Dataset ->
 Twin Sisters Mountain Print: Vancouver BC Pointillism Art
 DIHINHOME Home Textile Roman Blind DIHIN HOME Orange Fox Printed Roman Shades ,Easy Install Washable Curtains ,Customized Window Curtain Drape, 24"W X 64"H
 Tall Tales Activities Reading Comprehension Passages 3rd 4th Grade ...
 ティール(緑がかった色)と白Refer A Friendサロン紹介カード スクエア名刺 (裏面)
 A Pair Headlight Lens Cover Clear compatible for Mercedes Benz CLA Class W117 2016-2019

...

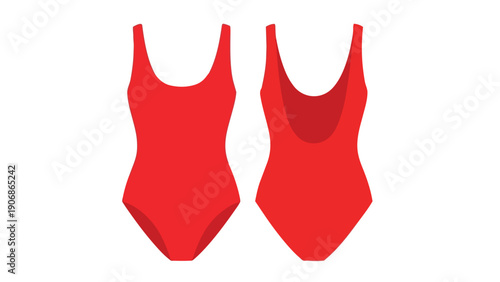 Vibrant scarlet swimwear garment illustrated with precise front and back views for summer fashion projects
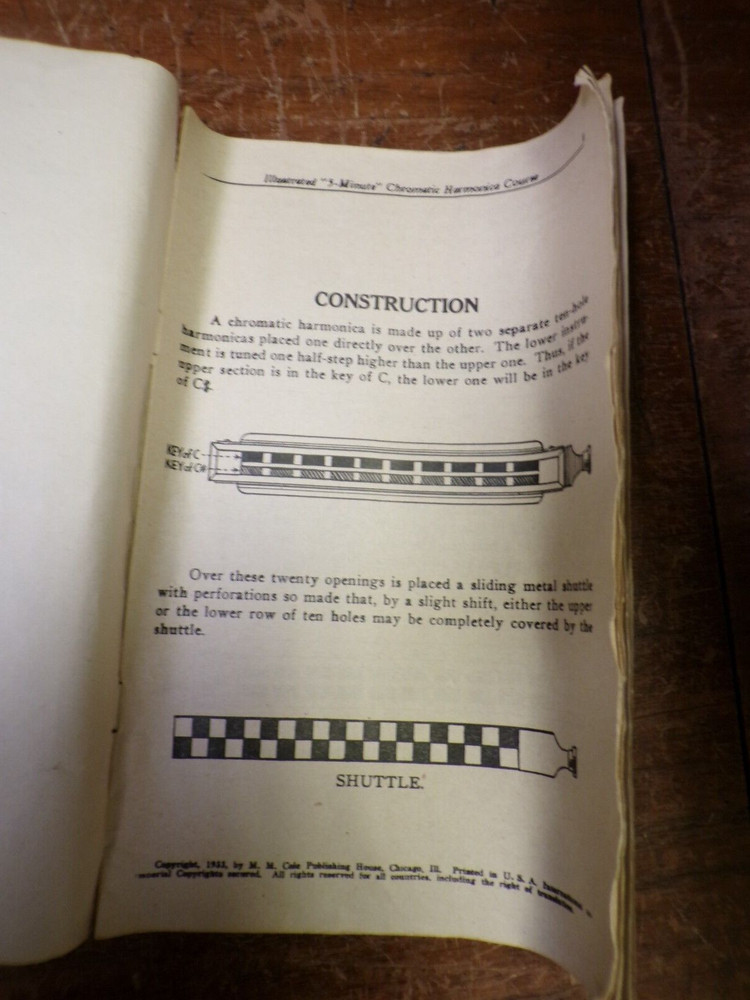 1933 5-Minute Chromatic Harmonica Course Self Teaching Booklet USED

Directions -> What you return must be an exact retyping of the lines above starting at the line with "Twin Sisters Mountain" and ending at the line with "A Pair Headlight", and nothing besides.

Your response ->
 Twin Sisters Mountain Print: Vancouver BC Pointillism Art
 DIHINHOME Home Textile Roman Blind DIHIN HOME Orange Fox Printed Roman Shades ,Easy Install Washable Curtains ,Customized Window Curtain Drape, 24"W X 64"H
 Tall Tales Activities Reading Comprehension Passages 3rd 4th Grade ...
 ティール(緑がかった色)と白Refer A Friendサロン紹介カード スクエア名刺 (裏面)
 A Pair Headlight Lens Cover Clear compatible for Mercedes Benz CLA Class W117 2016-2019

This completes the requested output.